En este sentido, estamos convencidos de que si no se asume la sostenibilidad del ocio como estrategia solo se paliará el ruido, pero no se acabará con él. Lo ilustra el caso de la sala KGB, cuyo eventual cierre han planteado unos 300 vecinos al Consistorio. Cuando trascendió recientemente que en sus alrededores cientos de jóvenes hacen botellón cada jueves, su gerente manifestó haber realizado "todo lo posible" para arreglar esta situación y evitaba que sus usuarios pudieran salir una vez habían entrado, pero apuntó que ello se producía "tres calles más abajo" y afirmó que el botellón era un problema de civismo que se resolvería con presencia de Guardia Urbana. ¿Ven que sencillo es arreglar el asunto? Basta con poner agentes pagados por el erario público, como se ha hecho.

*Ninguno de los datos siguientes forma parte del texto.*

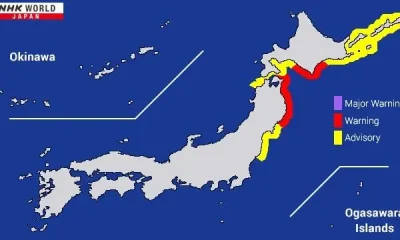 Alerta Máximo: Terremoto de Magnitude 7,4 no Japão Desencadeia Tsunami e Obriga Evacuação de 120 Mil Pessoas em Áreas Costeiras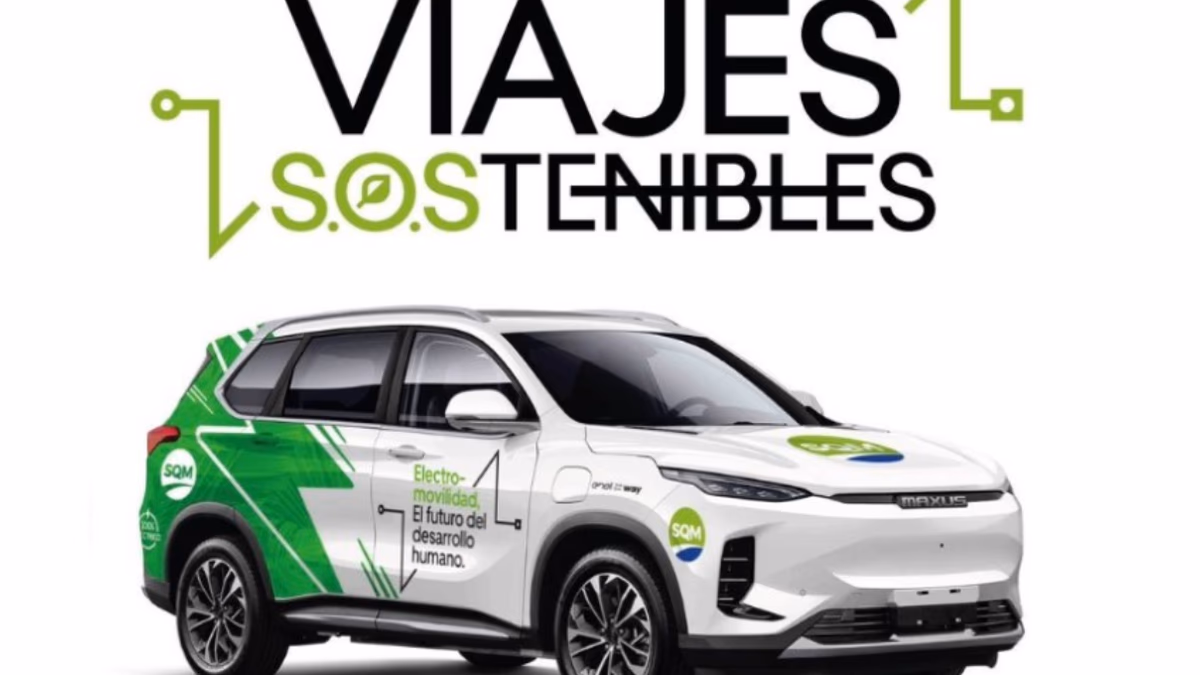 SQM y Uber te premian por cuidar la calidad del aire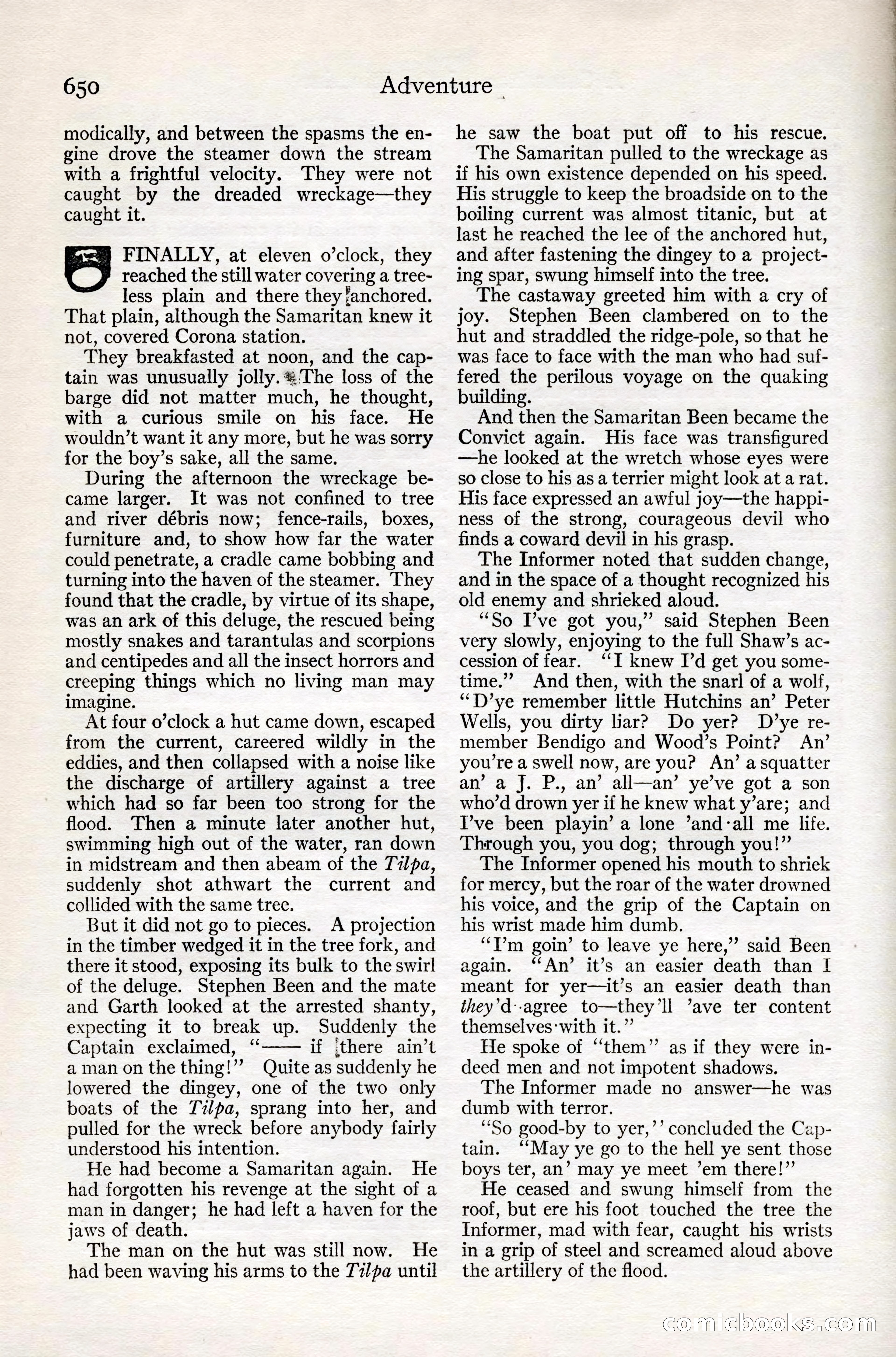 Adventure Magazine Cover — page 86 of 196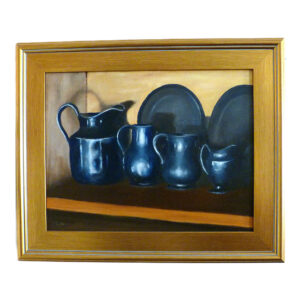 Pewter Pitchers
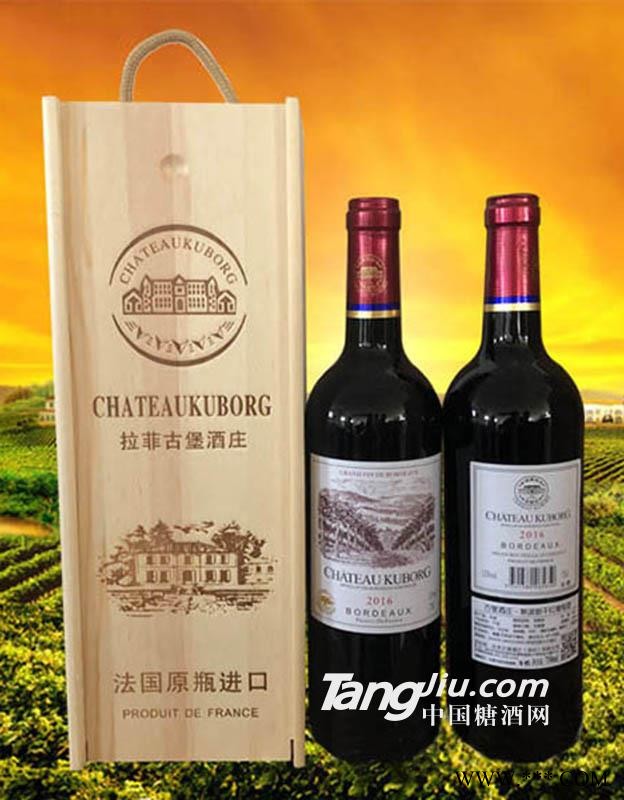 古堡酒庄·斯波朗干红葡萄酒2016图1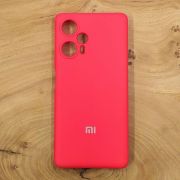 Чохол Silicone Case для POCO F5 5G Red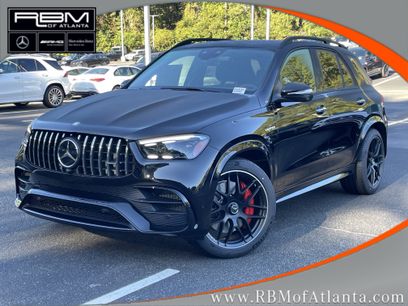 New 2026 Mercedes-Benz GLE 63 AMG S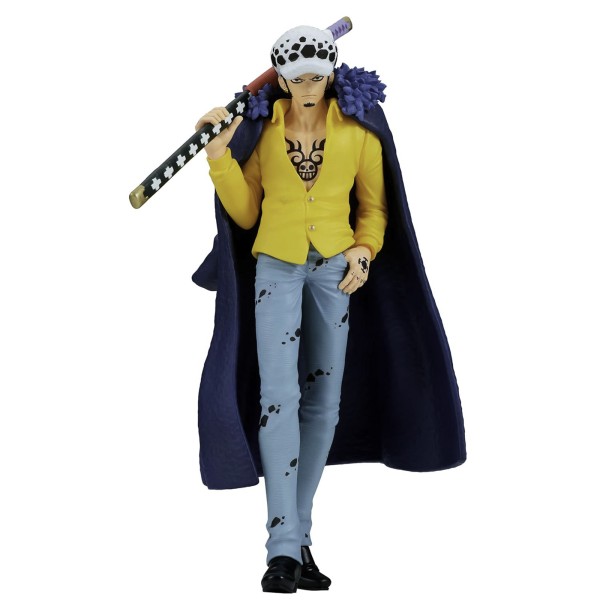 One Piece Figur Trafalgar Law frontal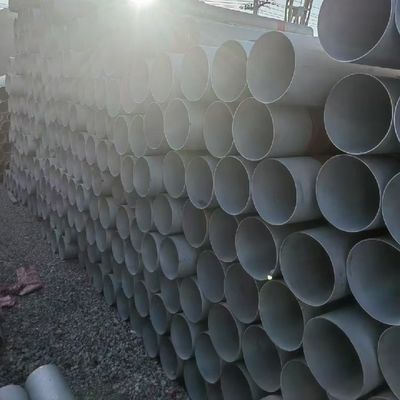 DN80 TP317L Stainless Steel Pipes Tube SCH40S In 6m Length Cutting Short Pipes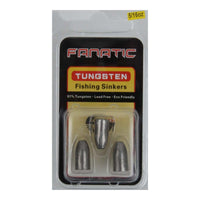 Tungsten Bullet Weight Fishing Sinkers  Stucki Fishing   
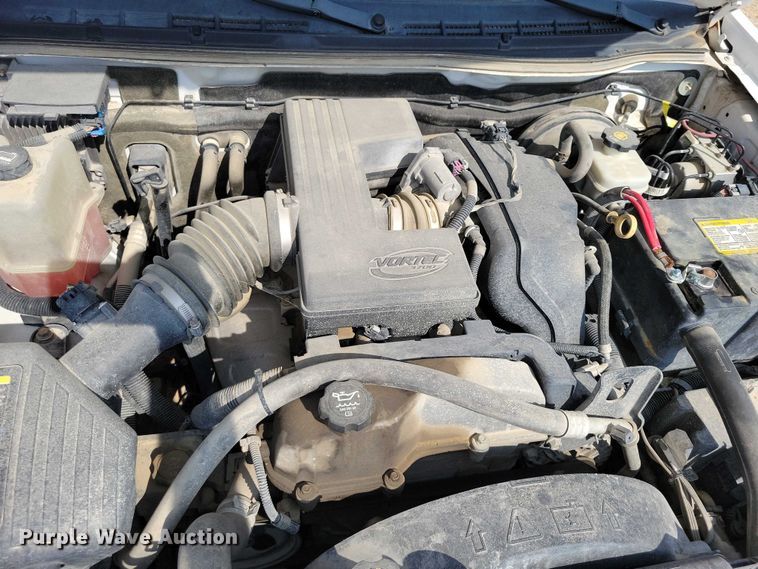 image for item DZ6604 2008 Chevrolet  Colorado Crew Cab pickup truck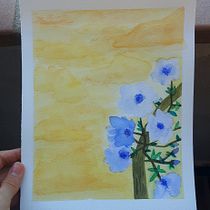 Mi Proyecto del curso: Creación de paletas de color con acuarela. Watercolor Painting project by Miriam - 05.23.2020
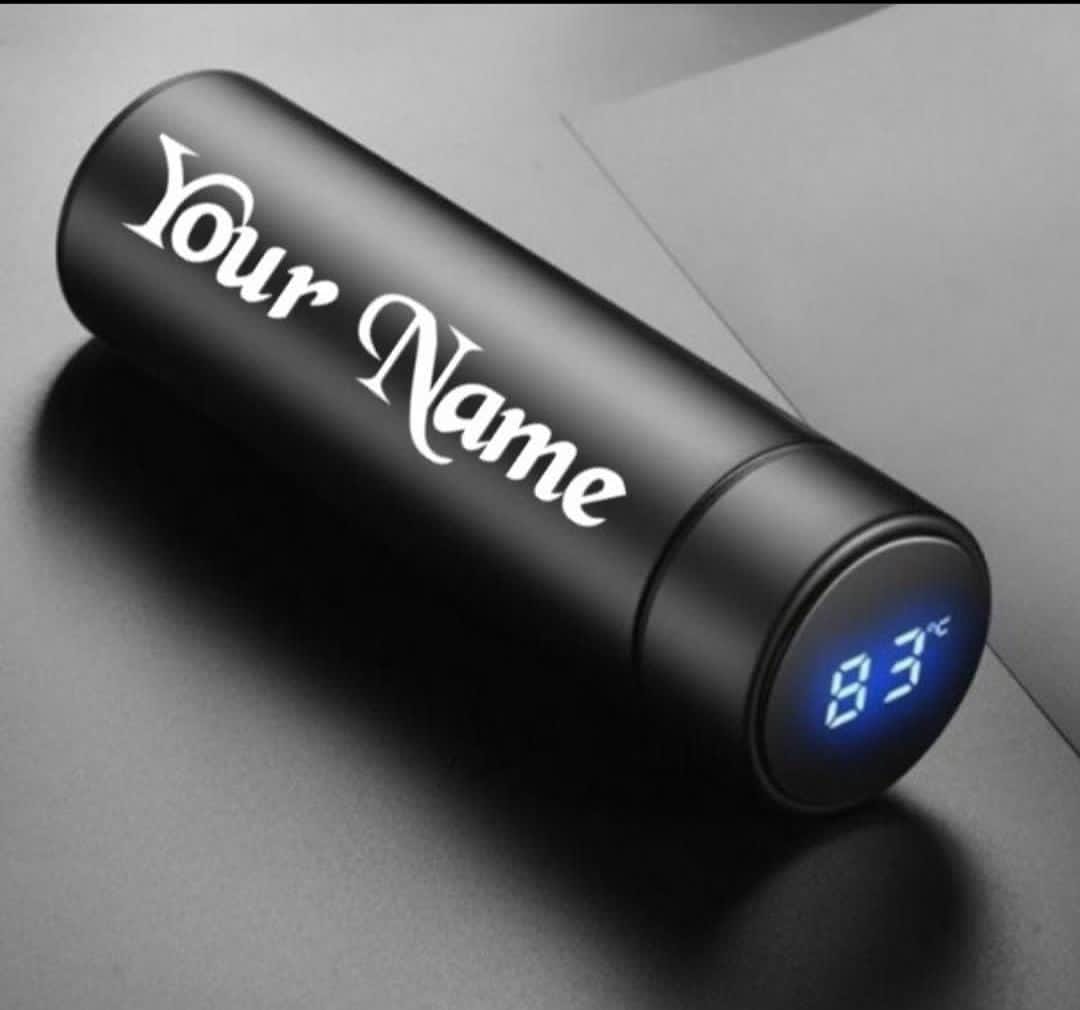 Personalized Stainless Steel Smart Water Bottle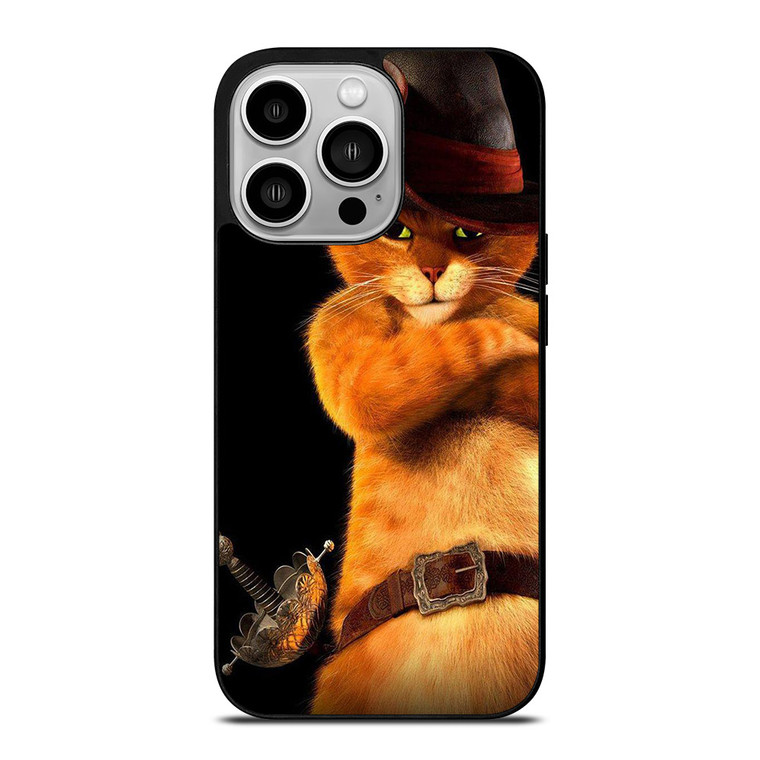 PUSS IN BOOTS COOL iPhone 14 Pro Case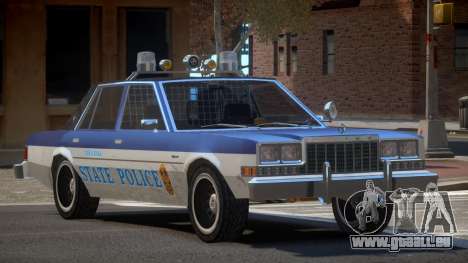 Dodge Diplomat Police V1.3 pour GTA 4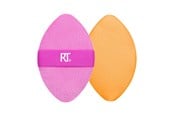 Sminke - Real Techniques Miracle 2-in1 Powder Puff Duo - Pink/Orange - RT10013300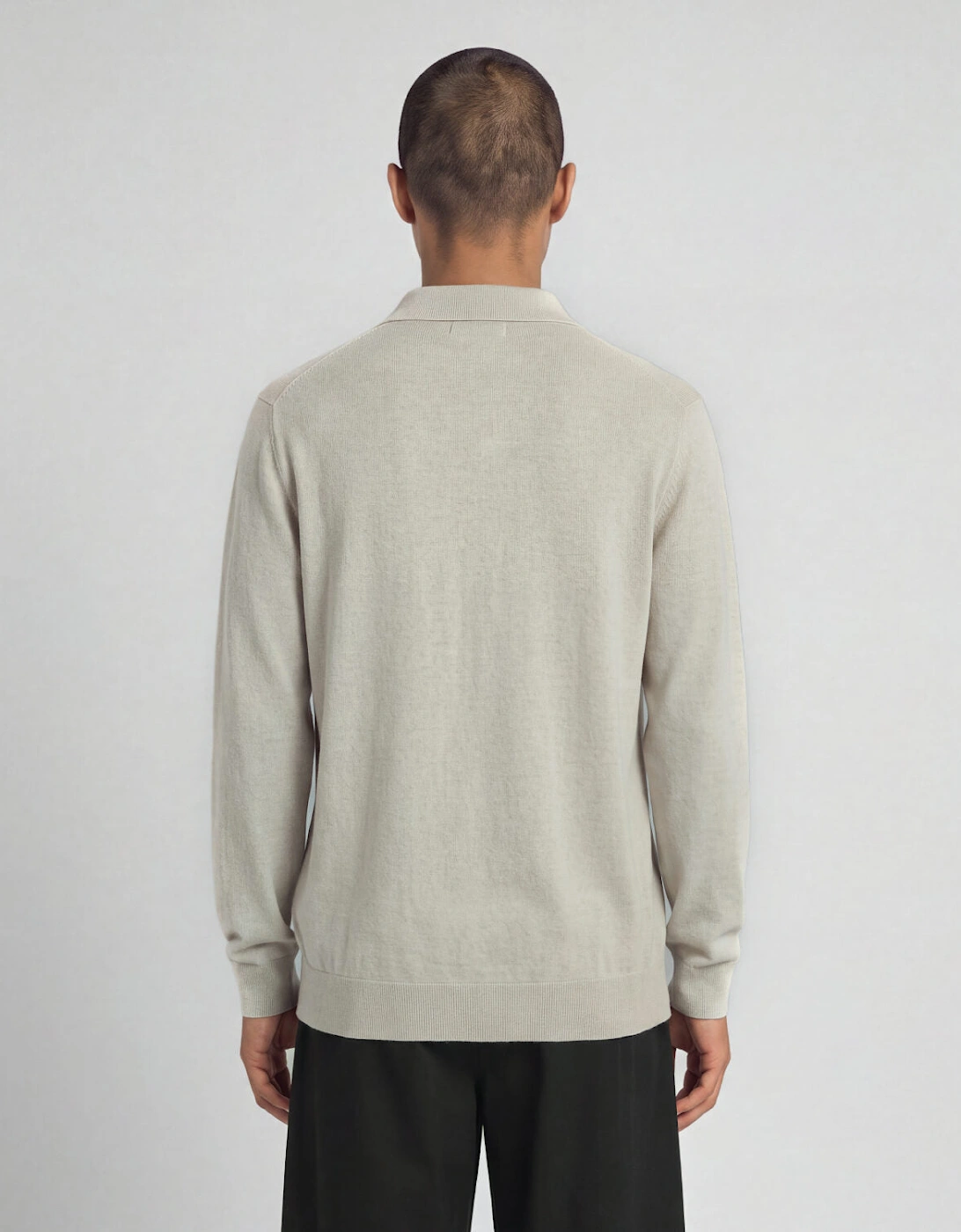 Cotton Merino Knitted Shirt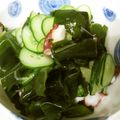 低カロ探検隊's cooksnap of when they made キリリと生姜☆タコとキュウリの酢の物！.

En este marco, si las empresas de ocio contaminantes tuvieran que asumir responsabilidades sociales -como las fábricas- la realidad cambiaría. No hay que ser un lince para saber que si éstas tuvieran que abonar la limpieza y los desperfectos que generan indirectamente en el medio urbano adyacente, indemnizar a quienes lo habitan por la falta de descanso y costear los policías que requiere mantenerlo tranquilo probablemente no serían viables económicamente. Pero mientras tales conceptos no entren en su contabilidad, los problemas descritos se reproducirán de modo cíclico por un motivo obvio: ensuciar es gratis. ¿Hasta cuando el Consistorio barcelonés -gobierno y oposición- tolerará esta impunidad?